Your instructions =>
The result should hold only the lines from the one with "Crucero privado Paros-Antiparos" through the final line of the data below, transcribed exactly, pictures left out.

Task inputs =>
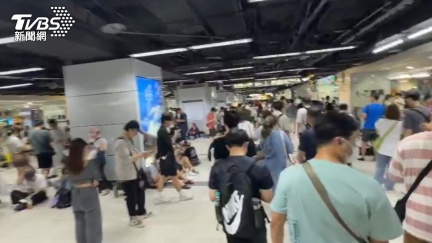 寶可夢10週年　玩家湧北車擠爆大廳干擾搭車動線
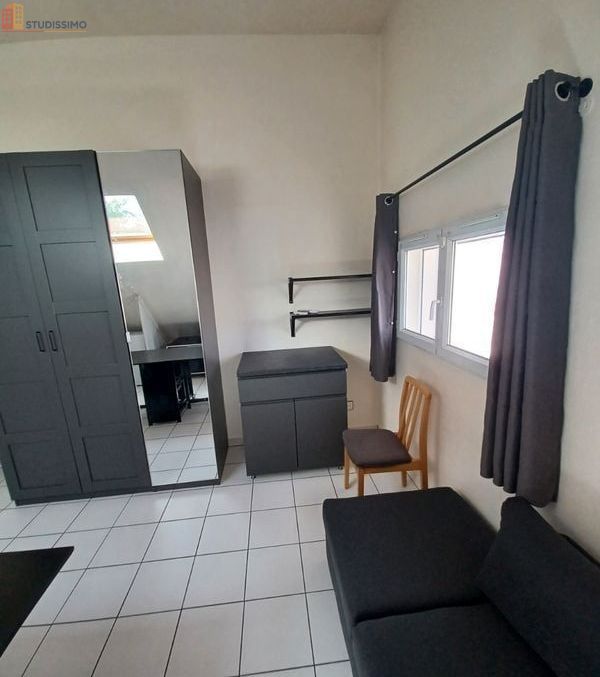 Studio meublé 16m² Triel-sur-Seine - Parking sécurisé, calme - Photo 2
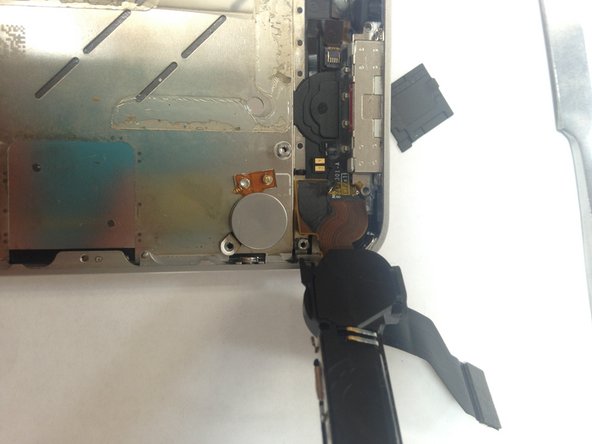 iPhone 4S Logic Board Removal, Logic Board Battery Connector: crwdns2935265:06crwdnd2935265:02crwdnd2935265:02crwdne2935265:0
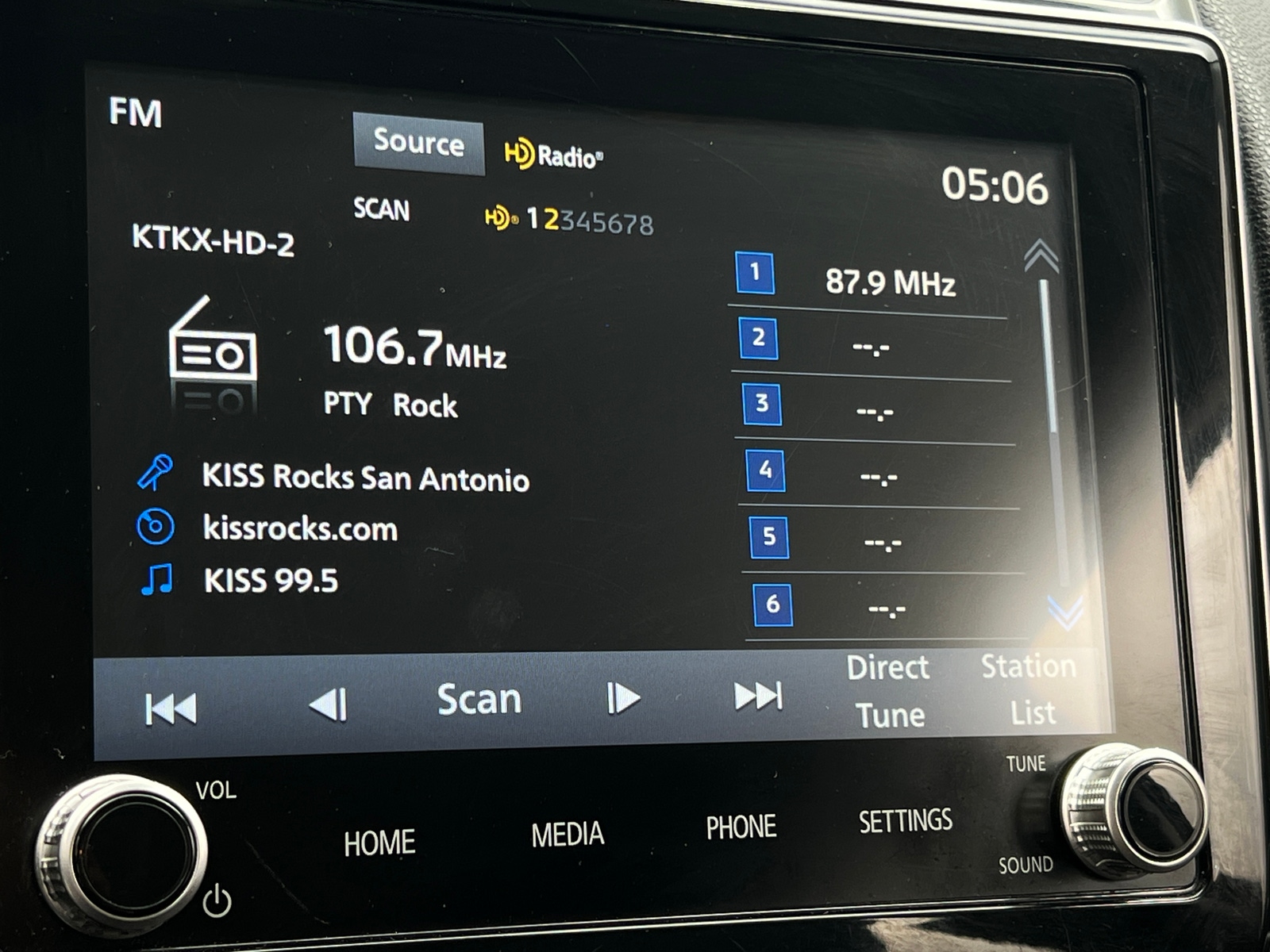 Thumbnail: 2024 Mitsubishi Outlander Sport - 3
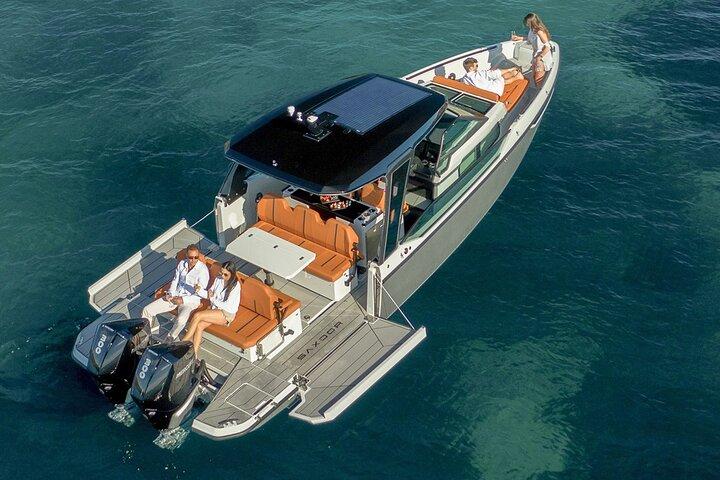 Crucero privado Paros-Antiparos en un lujoso Saxdor 320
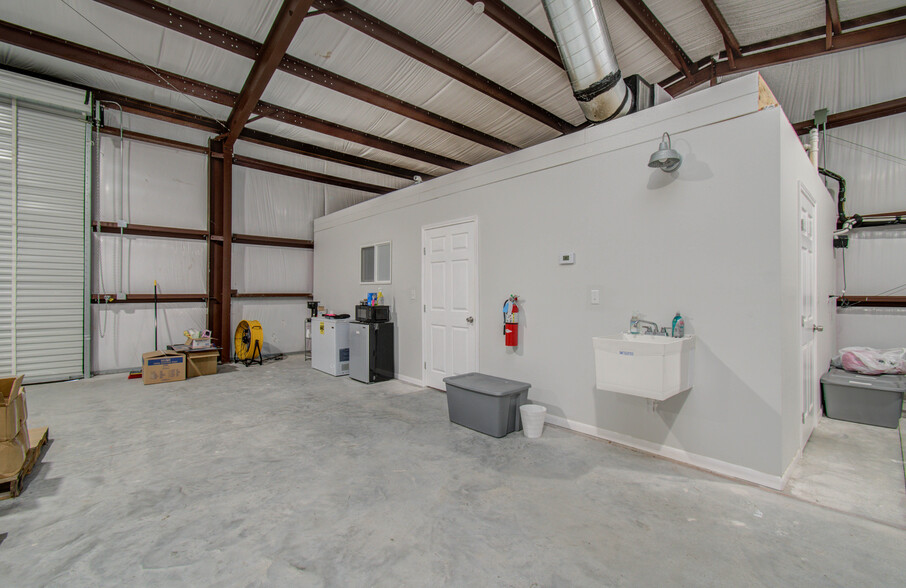 7514 Bailey Rd, Pearland, TX for rent - Interior Photo - Image 3 of 22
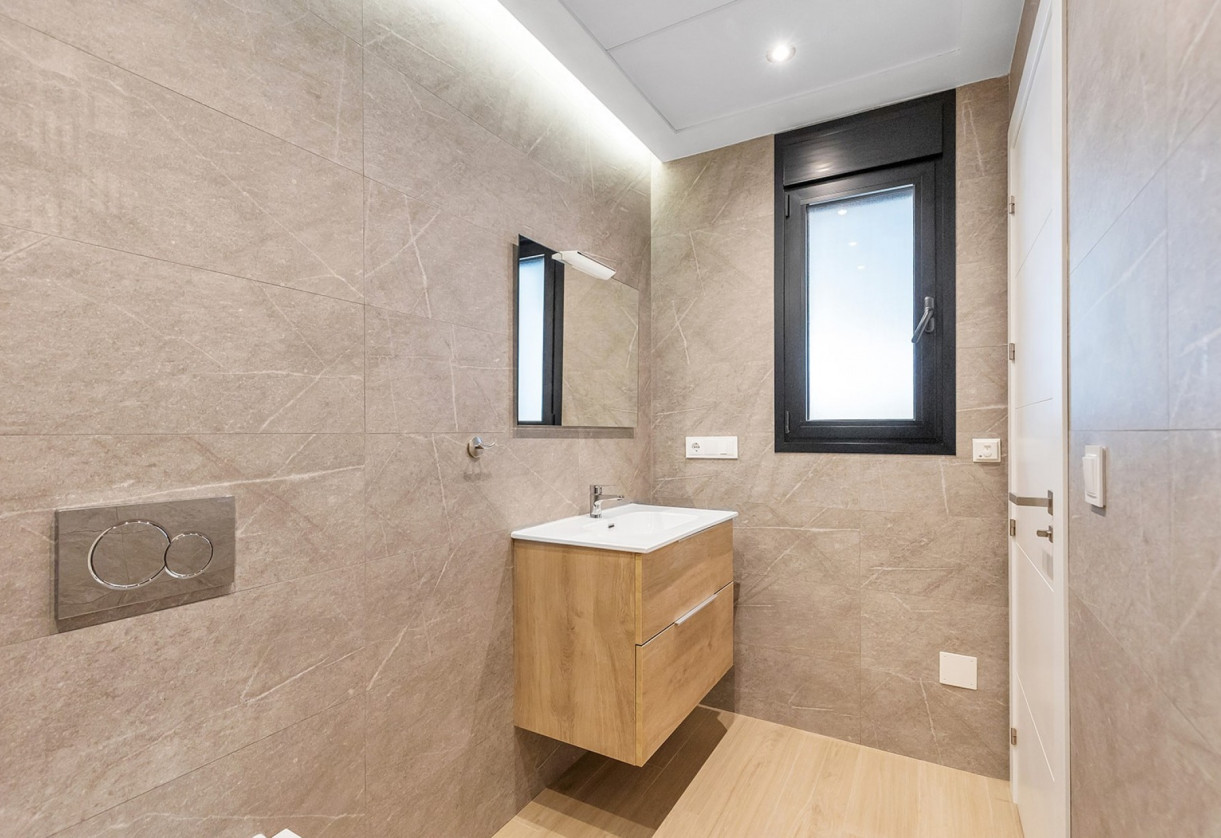 Resale · Villa / Detached · Benijofar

Solution to this task =>
 Crucero privado Paros-Antiparos en un lujoso Saxdor 320
 7514 Bailey Rd, Pearland, TX for rent - Interior Photo - Image 3 of 22
 Resale · Villa / Detached · Benijofar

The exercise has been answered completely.